Hebrew Word of the Day

A few weeks ago, a NY Times article about the Annapolis conference contained this gem:

The long buildup to Annapolis, together with Ms. Rice's many trips to the region, have given birth to a new verb in Israeli government circles: ''lecondel,'' meaning, to come and go for meetings that produce few results. The word is based on Ms. Rice's first name.
I love Hebrew.

Bass-Ackwards Environmentalism?

Tonight they lit the Christmas tree at Rockefeller Center. The press is making a big deal about the fact that this year it's a "green" tree that is less environmentally wasteful. It uses less electricity to light, and its powered by solar panels, and the tree's wood won't be wasted. As the AP reports:

Organizers are planning to recycle the tree by using it as lumber for Habitat For Humanity projects in New York, the Gulf Coast, India and Brazil.
No word on the amount of fossil fuel required to ship lumber from a giant Christmas tree from New York to India and Brazil.

October 30, 2007

A Refreshing Voice on the Peace Process

I don't know Rabbi Yosef Kanfesky, the rabbi of B'nai David Judea (just down the street from me), but he's pretty well respected by Jews of all denominations in this town. From what I hear, members of his congregation think he's just the bees knees.

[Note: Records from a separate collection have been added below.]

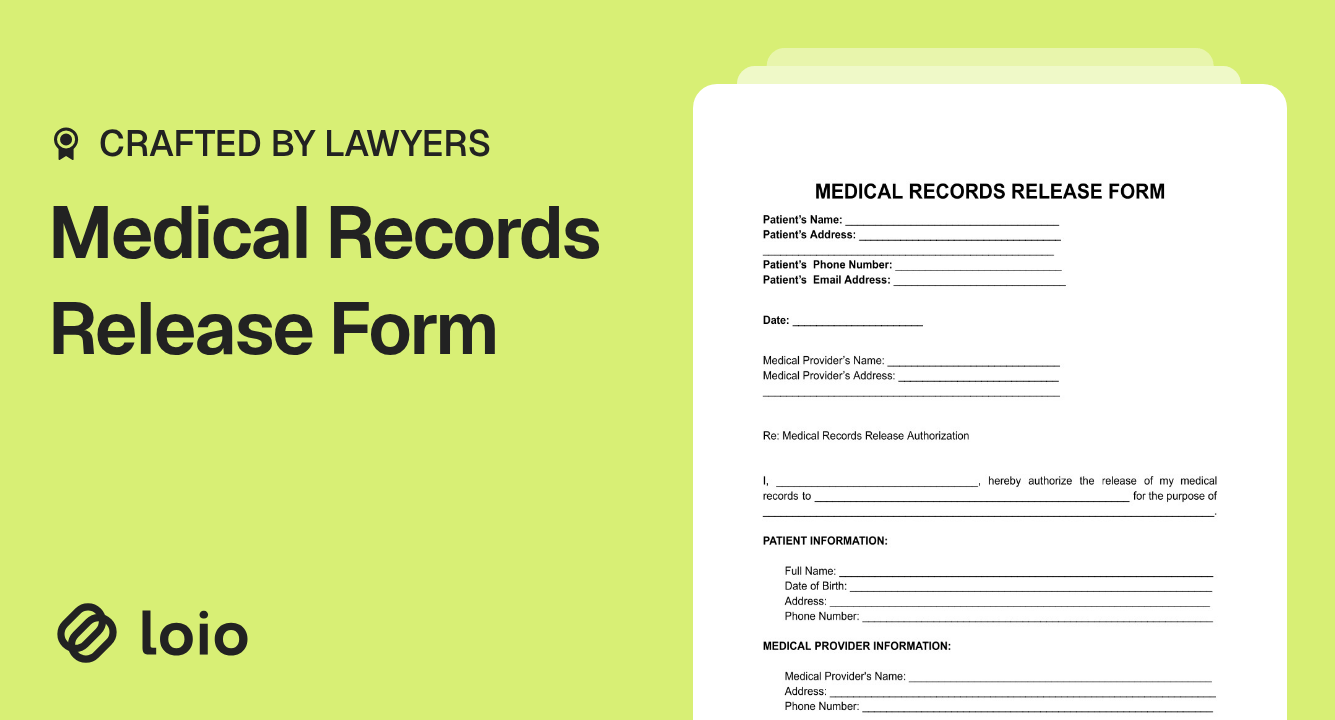 Medical Records Release Form Preview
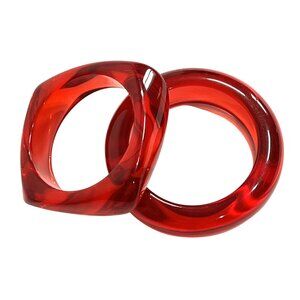 Luv Aj The Formentera Bangle Set in Red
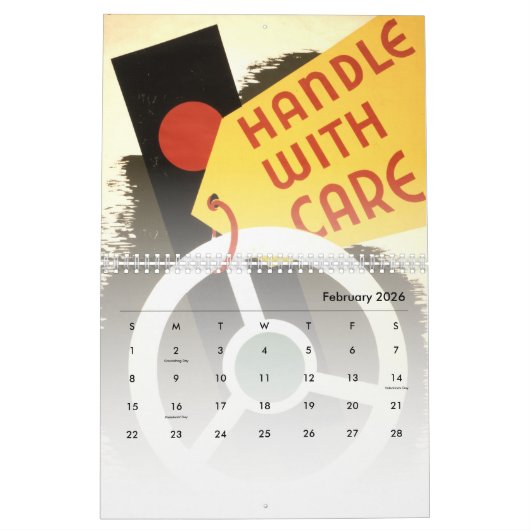 WPA 2019-veiligheidkalender Kalender (Feb 2026)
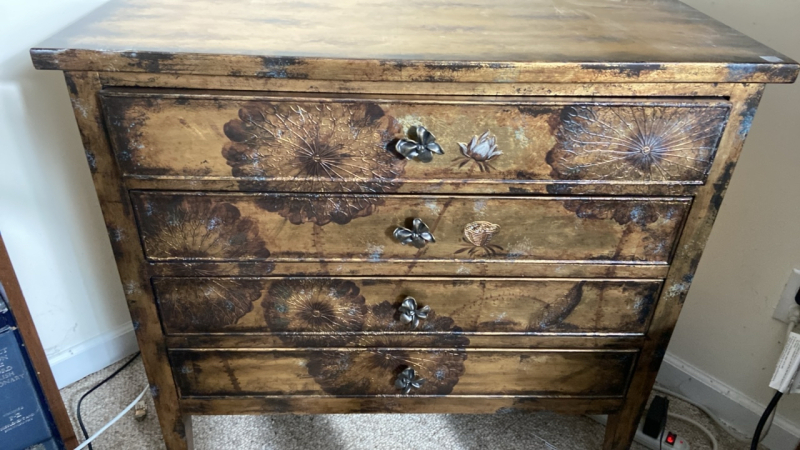 Decoupage Wooden Chest of Drawers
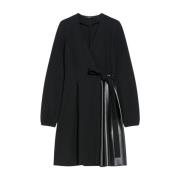 Elegante Silhouet Jurk met Imitatie Leren Rok Max Mara Weekend , Black...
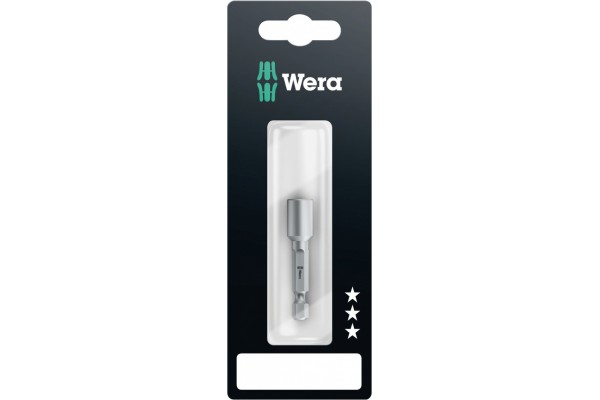 фото WE-073502 — Биты торцевые магнитные в блистерной упаковке WERA , 7.0 x 50 mm(WE-073502), WERA
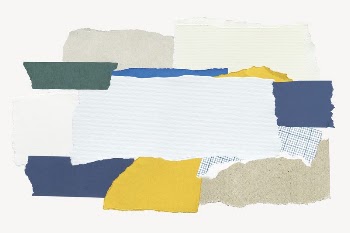 Blank scrap papers collage element | Free PSD - rawpixel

So I was pretty fascinated by his article in this week's Jewish Journal, entitled, "An Orthodox rabbi's plea: consider a divided Jerusalem." He writes:

To be sure, I would be horrified and sick if the worst-case division-of-Jerusalem scenario were to materialize. The possibility that the Kotel, the Jewish Quarter or the Temple Mount would return to their former states of Arab sovereignty is unfathomable to me, and I suspect to nearly everyone inside the Israeli government. At the same time though, to insist that the government not talk about Jerusalem at all (including the possibility, for example, of Palestinian sovereignty over Arab neighborhoods) is to insist that Israel come to the negotiating table telling a dishonest story -- a story in which our side has made no mistakes and no miscalculations, a story in which there is no moral ambiguity in the way we have chosen to rule the people we conquered, a story in which we don't owe anything to anyone. Cries of protest, in particular from organizations that oppose Israel's relinquishing anything at all between the Mediterranean and the Jordan, and which have never offered any alternative solutions to the ones they are protesting against, are rooted in the refusal to read history honestly. And I -- for one -- cannot lend my support to that.
Wow.

July 24, 2006

Amalek's Big Toe

A few months ago, Rabbi Jack Riemer decided that Islamo-Fascists are an incarnation of Amalek.

Last week, Rabbi Marc Gellman made a similar declaration in his Newsweek column. It turns out, according to Gellman, that Amalek utilized the same tactics as Hezbollah:

What made Amalek so dastardly was that unlike any other enemy who attacked the Israelites fleeing slavery in Egypt from the front, Amalek attacked the rear. This meant that his soldiers could kill women and children, the elderly and the infirm and in so doing avoid engagement with the soldiers at the front. In this way he could produce maximum carnage and maximum terror.

Of course Deut. 25:17-19 instructs us to remember Amalek for a good reason. Sayeth Gellman:

I believe this is because the planned and plotted slaughter of innocents even during wartime cannot be condoned and must be remembered as a bright moral line which can never be crossed.

Sorry. I have a bullshit meter that buzzes whenever someone uses the Torah to score political points. But maybe that's just me. Perhaps the Amalek label is appropriate here.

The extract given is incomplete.